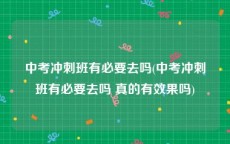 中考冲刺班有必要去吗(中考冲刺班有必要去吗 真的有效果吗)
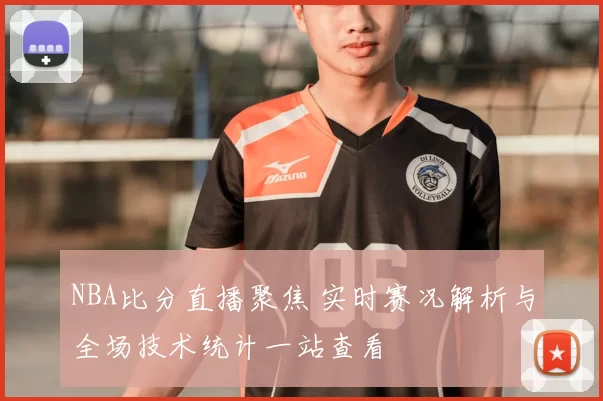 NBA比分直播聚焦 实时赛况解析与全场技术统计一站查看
---
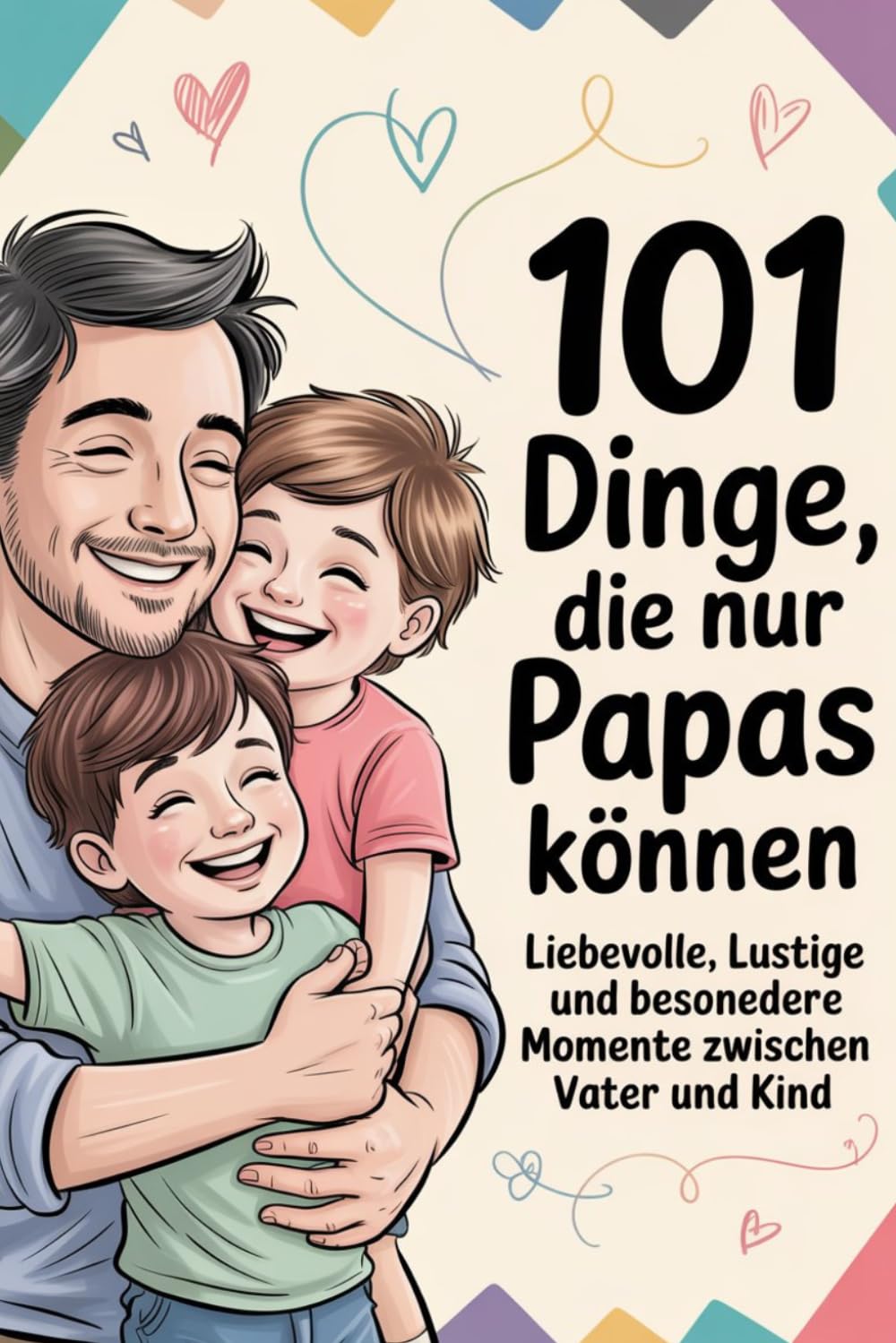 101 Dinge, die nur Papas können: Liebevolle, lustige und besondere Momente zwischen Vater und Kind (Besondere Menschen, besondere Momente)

-- Task --
Look back over the records above. Reproduce exactly everything from the line with "中考冲刺班有必要去吗(中考冲刺班有必要去吗 真的有效果吗)" down to the line with "NBA比分直播聚焦 实时赛况解析与全场技术统计一站查看", inclusive, and leave the pictures out.

-- Answer to the exercise --
 中考冲刺班有必要去吗(中考冲刺班有必要去吗 真的有效果吗)
 NBA比分直播聚焦 实时赛况解析与全场技术统计一站查看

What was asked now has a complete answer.